**SOURCE RECORDS**
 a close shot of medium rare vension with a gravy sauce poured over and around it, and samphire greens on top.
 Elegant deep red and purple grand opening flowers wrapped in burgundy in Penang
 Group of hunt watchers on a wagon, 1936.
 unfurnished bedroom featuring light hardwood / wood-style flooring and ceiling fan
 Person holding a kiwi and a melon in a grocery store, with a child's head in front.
---
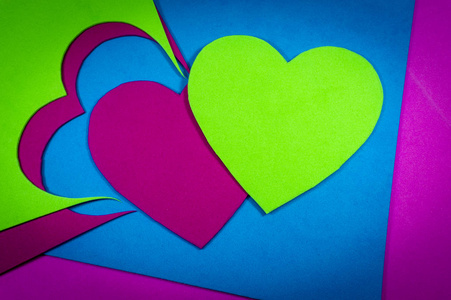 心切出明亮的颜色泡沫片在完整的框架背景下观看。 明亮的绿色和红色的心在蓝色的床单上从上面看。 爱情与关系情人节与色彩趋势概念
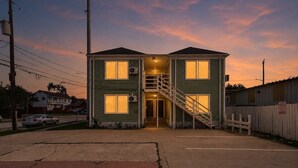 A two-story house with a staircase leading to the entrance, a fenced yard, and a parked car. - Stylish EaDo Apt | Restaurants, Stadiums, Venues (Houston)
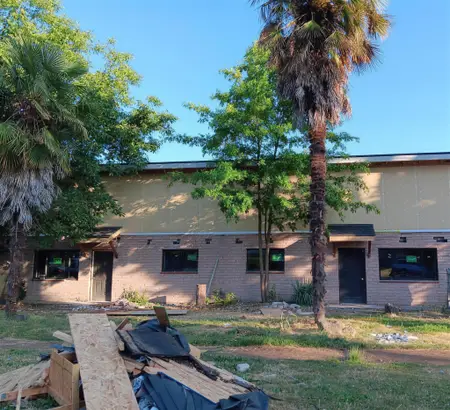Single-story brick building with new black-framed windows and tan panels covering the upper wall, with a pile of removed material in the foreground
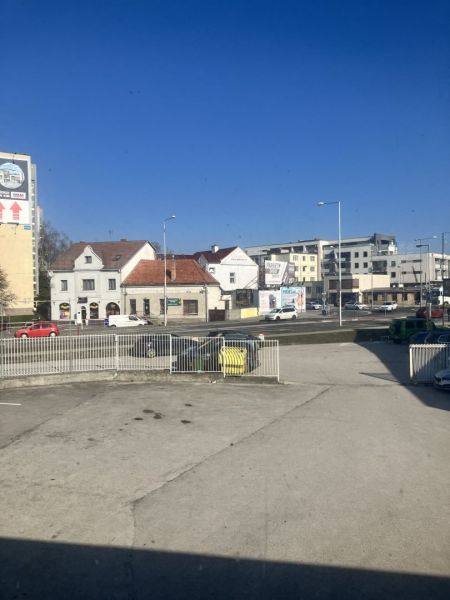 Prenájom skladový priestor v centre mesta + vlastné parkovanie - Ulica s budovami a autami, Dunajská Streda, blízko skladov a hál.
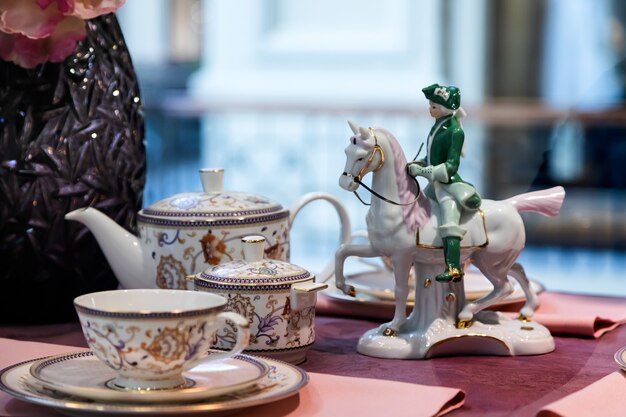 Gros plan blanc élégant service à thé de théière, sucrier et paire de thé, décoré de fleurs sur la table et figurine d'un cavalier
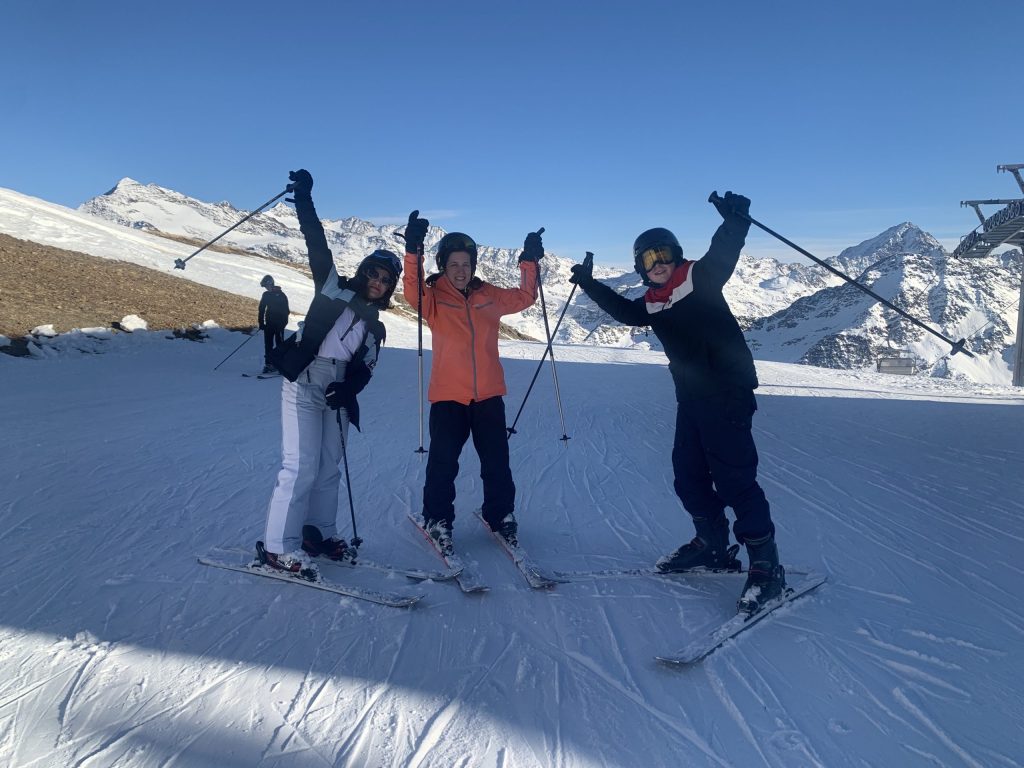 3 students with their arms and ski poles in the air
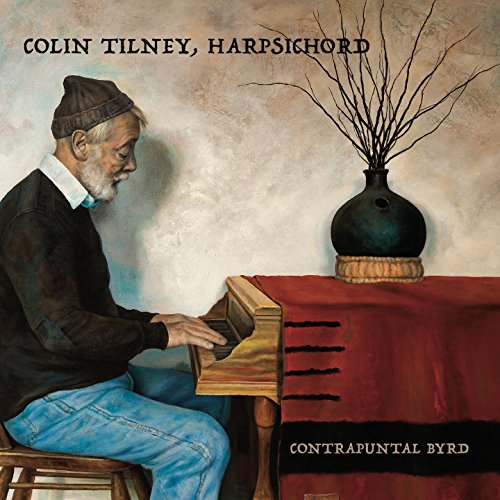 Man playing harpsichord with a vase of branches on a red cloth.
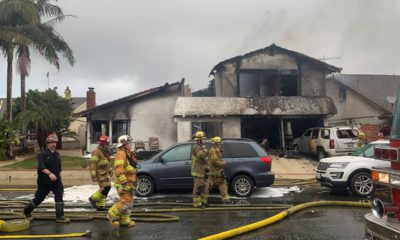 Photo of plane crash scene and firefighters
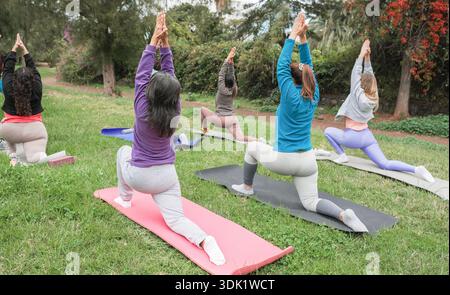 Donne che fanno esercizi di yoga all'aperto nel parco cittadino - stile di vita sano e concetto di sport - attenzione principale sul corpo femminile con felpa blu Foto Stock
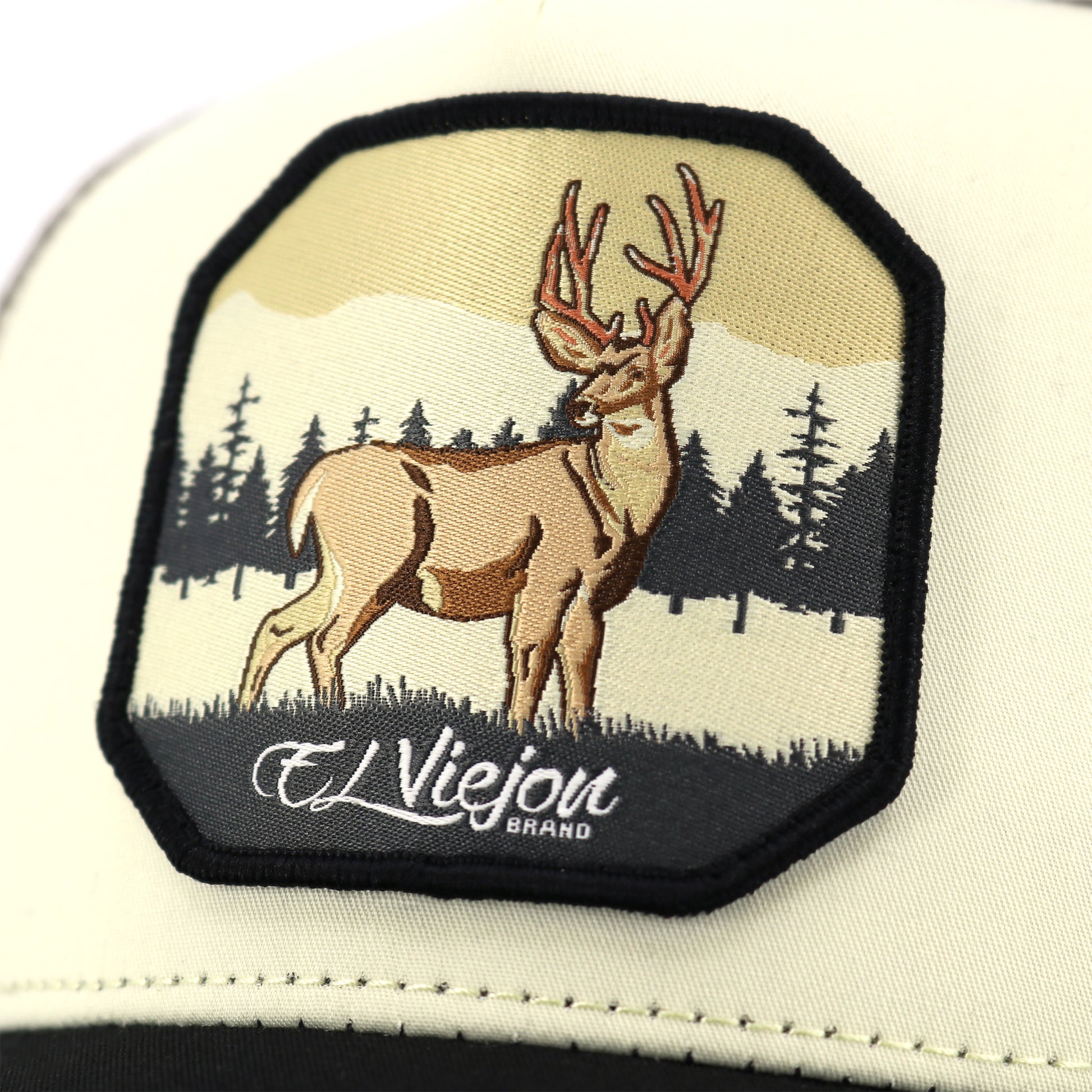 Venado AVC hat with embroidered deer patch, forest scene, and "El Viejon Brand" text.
--
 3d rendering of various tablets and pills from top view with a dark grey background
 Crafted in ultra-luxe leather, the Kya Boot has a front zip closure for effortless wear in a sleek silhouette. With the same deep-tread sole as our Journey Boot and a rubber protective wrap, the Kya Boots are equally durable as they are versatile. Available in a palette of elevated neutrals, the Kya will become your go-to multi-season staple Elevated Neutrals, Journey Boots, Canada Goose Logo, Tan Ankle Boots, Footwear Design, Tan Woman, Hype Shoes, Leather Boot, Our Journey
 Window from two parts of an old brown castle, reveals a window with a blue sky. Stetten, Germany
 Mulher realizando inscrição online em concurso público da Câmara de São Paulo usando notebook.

**YOUR GOAL**
After locating the line with "Window from two" above, return that line and every later line through the one with "Mulher realizando inscrição", word for word and with nothing else.

**SOLUTION FOR THIS TASK**
 Window from two parts of an old brown castle, reveals a window with a blue sky. Stetten, Germany
 Mulher realizando inscrição online em concurso público da Câmara de São Paulo usando notebook.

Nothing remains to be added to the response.